Born: 1910 (circa), United States (assumed)
Died: 1984
Country most active: United States
Also known as: Ethel W. Weitzner
The following is republished with permission from the Boston Women’s Heritage Trail.
Ethel Lennox (ca. 1910-1984) drove the creation of Upham’s Corner Neighborhood Health Center. She lived in Dorchester in the 1940s and was a community health advocate across Boston.

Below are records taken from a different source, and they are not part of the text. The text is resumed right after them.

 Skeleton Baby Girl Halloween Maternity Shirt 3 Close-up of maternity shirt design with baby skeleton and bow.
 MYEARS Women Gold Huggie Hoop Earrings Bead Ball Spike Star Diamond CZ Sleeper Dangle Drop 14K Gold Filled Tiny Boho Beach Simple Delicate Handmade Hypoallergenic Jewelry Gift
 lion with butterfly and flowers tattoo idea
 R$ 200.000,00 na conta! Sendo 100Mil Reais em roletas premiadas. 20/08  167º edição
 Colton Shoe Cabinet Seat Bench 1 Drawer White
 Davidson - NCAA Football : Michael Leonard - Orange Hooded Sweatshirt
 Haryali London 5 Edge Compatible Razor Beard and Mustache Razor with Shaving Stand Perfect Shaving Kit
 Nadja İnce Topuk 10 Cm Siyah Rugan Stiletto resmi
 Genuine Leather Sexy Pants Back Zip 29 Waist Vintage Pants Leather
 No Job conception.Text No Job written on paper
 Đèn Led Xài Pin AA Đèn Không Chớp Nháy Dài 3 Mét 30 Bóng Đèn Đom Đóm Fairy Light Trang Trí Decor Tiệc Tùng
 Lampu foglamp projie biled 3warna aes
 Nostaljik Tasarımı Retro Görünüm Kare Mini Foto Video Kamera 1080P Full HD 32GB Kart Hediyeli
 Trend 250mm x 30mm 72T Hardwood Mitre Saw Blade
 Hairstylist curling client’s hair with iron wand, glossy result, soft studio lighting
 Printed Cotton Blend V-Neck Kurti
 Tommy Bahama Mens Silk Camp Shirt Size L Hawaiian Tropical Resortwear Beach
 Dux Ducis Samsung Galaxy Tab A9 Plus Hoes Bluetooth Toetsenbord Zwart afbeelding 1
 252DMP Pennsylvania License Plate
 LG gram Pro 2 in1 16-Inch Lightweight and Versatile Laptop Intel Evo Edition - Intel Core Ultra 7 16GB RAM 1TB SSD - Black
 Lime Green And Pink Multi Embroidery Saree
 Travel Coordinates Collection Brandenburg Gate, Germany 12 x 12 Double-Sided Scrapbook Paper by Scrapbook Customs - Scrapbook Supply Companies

Ethel Lennox moved to Jerome Street in Dorchester in the 1940s and became concerned with the lack of good health care for the poor and working-class women of the neighborhood. Previously she had lived in the West End of Boston where she and her neighbors were dissatisfied with what they considered unsatisfactory care available to them at the well-established hospitals in the city. Ethel decided that what was needed was a health center to provide accessible medical services in a local setting. She solicited start-up funds and office space to turn her concept into reality. Her obituary in The Boston Globe declared: “Ever feisty and sharp-tongued, Mrs. Lennox was the driving force in the creation of the Uphams Corner Neighborhood Health Center and a major figure in the development throughout Boston of what became one of the nation’s preeminent neighborhood health center systems.” The new health center building on Columbia Road was officially named the Ethel W. Lennox Health Care Facility.